Stippvisite im Paradies
Theater heuteWir haben hier um den Tisch vier Theater- und Festivalleiter versammelt – aus Kolumbien, Russland, Pakistan und Südafrika. Sie haben 14 Tage lang auf Einladung des Goethe-Instituts die Aufführungen des diesjährigen Theatertreffens in Berlin sehen können. Wie erscheint die deutsche Theaterlandschaft dem fremden Blick? Welche Differenz nehmen Sie zum Theater in Ihren Ländern wahr? Adela Donadio, Sie leiten das Internationale Iberoamerikanische Festival in Bogota.
Was sind Ihre Eindrücke?
Adela DonadioDer größte Unterschied liegt zunächst einmal in der Finanzierung des Theaters. Bei uns in Kolumbien gibt es keine staatlichen oder städtischen Institutionen für Drama.
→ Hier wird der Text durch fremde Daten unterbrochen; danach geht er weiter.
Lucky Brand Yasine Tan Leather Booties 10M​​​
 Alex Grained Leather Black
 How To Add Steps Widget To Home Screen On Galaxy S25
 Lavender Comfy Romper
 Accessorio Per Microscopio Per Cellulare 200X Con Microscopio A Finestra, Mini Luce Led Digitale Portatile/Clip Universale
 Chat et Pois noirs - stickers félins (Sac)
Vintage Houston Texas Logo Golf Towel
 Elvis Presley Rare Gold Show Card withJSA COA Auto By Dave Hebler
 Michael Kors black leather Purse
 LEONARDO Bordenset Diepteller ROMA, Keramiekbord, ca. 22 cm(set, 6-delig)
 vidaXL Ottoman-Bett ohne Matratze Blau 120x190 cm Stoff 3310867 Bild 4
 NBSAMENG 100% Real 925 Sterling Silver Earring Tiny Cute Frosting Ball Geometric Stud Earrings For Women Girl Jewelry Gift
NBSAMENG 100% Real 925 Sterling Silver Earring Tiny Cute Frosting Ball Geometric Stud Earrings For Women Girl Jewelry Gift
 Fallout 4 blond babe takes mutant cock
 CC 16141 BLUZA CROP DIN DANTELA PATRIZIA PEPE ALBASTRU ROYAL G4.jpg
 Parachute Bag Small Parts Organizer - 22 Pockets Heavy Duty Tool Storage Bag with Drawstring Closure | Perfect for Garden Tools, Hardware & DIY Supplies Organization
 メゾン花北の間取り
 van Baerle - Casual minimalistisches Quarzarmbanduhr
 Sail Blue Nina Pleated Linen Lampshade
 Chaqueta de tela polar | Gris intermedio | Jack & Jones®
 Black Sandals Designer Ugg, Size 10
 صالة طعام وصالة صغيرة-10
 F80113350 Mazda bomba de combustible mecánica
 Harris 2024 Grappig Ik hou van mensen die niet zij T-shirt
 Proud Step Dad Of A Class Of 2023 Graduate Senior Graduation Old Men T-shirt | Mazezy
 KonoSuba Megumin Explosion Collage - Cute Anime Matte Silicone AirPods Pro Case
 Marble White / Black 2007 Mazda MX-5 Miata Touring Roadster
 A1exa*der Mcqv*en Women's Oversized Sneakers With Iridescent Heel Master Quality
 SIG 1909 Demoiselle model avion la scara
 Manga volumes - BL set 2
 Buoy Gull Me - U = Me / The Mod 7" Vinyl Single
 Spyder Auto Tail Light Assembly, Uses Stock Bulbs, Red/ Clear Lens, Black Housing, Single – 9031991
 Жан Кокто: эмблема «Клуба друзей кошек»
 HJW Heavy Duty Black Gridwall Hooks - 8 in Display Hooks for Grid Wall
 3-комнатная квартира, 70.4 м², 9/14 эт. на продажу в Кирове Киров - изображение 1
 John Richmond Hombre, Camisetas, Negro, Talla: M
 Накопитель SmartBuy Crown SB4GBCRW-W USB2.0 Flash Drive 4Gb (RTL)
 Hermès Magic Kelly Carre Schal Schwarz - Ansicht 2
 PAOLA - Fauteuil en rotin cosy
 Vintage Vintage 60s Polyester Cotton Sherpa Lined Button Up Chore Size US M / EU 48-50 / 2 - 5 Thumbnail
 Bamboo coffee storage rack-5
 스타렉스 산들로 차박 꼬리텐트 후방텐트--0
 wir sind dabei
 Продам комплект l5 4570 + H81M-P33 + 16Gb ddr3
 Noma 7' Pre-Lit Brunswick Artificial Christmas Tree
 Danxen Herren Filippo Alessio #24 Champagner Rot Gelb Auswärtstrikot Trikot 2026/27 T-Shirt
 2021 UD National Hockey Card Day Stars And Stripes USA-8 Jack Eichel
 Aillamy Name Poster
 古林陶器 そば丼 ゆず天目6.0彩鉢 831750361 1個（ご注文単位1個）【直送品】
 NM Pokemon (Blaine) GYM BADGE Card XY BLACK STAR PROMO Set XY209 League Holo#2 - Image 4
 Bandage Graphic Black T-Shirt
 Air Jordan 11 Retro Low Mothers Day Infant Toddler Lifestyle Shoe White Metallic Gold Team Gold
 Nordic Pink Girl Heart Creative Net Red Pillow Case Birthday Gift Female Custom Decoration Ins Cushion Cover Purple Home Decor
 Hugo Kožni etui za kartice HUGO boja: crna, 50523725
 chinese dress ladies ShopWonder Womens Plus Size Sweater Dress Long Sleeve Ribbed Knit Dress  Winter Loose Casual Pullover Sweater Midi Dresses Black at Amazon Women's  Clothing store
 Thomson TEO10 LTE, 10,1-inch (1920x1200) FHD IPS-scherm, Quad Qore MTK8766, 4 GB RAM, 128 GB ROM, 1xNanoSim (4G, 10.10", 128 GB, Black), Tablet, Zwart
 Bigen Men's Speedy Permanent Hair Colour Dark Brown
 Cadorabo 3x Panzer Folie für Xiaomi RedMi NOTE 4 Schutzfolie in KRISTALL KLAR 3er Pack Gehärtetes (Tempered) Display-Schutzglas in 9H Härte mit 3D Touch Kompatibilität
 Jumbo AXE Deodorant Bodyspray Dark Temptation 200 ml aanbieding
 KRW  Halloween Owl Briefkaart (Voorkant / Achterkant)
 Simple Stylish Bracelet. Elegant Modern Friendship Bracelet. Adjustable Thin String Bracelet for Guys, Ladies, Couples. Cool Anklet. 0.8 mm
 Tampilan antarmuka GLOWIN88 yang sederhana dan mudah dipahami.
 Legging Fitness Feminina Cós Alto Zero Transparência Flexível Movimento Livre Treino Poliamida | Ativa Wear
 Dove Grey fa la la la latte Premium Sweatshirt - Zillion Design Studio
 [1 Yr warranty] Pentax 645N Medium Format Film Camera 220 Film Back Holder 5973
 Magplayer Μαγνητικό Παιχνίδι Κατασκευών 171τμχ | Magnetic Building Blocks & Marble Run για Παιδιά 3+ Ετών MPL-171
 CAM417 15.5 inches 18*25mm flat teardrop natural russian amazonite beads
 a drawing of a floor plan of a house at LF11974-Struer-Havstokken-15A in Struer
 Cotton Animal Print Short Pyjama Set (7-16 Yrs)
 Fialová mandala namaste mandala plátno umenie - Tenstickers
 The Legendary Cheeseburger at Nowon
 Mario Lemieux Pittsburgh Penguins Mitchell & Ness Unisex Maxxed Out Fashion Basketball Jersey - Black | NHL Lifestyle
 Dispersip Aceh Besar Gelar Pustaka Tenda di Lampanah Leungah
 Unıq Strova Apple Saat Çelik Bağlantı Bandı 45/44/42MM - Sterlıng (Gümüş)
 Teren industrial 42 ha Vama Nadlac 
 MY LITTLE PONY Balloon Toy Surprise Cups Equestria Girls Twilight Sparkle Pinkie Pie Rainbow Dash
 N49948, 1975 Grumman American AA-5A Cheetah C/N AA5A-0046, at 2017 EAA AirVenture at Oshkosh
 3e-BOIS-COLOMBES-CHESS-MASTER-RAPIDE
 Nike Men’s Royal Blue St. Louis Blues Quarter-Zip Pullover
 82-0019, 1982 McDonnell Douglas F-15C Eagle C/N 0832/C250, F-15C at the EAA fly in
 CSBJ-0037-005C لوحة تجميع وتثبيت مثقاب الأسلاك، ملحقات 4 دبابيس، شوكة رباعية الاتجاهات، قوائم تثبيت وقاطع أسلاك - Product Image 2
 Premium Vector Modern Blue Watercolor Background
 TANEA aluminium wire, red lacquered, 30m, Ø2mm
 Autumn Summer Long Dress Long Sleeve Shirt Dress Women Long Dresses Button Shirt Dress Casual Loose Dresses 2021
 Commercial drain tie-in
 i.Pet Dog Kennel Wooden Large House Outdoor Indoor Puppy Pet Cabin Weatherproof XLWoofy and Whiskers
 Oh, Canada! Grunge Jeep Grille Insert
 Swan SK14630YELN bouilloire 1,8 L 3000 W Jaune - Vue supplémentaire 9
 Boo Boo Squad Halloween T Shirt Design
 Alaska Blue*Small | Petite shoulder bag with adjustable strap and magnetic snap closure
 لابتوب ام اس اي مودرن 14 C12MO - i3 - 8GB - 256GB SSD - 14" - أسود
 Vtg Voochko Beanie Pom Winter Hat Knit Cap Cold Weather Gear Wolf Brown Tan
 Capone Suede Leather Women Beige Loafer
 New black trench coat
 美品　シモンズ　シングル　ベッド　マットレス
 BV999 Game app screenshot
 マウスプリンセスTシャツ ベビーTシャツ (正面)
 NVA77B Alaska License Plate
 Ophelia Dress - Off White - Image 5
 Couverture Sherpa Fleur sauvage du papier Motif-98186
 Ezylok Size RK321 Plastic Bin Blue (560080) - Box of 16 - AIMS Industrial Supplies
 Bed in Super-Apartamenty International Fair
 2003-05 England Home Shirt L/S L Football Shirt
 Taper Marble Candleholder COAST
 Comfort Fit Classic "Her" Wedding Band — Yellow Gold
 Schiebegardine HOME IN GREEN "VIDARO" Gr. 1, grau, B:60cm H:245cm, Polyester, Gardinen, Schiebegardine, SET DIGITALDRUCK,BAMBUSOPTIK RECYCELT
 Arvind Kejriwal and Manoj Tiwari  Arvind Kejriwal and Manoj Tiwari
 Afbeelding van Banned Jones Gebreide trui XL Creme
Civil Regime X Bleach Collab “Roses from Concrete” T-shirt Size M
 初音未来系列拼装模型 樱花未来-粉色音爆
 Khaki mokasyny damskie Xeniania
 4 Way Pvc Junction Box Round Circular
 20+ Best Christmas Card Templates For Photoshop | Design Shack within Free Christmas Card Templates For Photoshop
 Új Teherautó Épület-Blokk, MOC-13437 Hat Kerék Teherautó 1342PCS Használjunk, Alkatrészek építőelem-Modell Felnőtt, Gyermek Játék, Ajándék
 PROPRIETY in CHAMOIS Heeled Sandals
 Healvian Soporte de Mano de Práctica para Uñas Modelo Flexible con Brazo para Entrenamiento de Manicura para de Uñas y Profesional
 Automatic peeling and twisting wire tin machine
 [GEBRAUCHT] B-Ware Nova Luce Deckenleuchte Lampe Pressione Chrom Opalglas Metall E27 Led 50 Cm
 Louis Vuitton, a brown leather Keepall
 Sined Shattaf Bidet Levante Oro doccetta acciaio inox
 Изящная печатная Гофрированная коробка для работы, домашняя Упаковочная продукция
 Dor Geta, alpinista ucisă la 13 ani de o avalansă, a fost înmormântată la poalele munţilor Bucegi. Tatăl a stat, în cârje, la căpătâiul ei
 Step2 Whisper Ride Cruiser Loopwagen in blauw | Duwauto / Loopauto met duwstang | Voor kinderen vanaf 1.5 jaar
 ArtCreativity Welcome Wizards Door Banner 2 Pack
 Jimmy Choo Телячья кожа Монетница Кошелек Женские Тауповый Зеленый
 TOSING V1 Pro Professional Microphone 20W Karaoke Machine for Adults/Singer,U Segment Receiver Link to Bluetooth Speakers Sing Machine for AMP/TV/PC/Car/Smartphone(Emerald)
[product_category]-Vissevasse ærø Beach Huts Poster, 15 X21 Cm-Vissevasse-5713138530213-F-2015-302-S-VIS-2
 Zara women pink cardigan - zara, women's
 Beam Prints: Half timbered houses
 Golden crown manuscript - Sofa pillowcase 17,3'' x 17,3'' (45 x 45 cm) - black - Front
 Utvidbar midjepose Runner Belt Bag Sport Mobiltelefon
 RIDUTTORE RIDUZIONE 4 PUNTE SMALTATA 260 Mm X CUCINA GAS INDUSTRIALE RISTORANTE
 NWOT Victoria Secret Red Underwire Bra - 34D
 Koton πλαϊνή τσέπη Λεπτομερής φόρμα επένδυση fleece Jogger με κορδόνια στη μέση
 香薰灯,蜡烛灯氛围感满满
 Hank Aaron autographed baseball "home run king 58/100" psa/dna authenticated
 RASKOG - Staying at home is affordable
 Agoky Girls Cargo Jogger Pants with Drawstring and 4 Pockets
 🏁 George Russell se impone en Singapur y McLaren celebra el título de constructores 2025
Ich bin in der künstlerischen Leitung des Festivals von Bogota, arbeite aber auch für das Teatro Nacional, das keineswegs national ist, sondern eine private Organisation.
Alle, alle Theater sind privat, manche, wenige bekommen eine geringfügige Unterstützung. Ich führe auch Regie und unterrichte. Wir müssen alle viele verschiedene Dinge tun, um unser Geld zu verdienen und unser Theater in Gang zu halten. Kein Platz für Spezialisten.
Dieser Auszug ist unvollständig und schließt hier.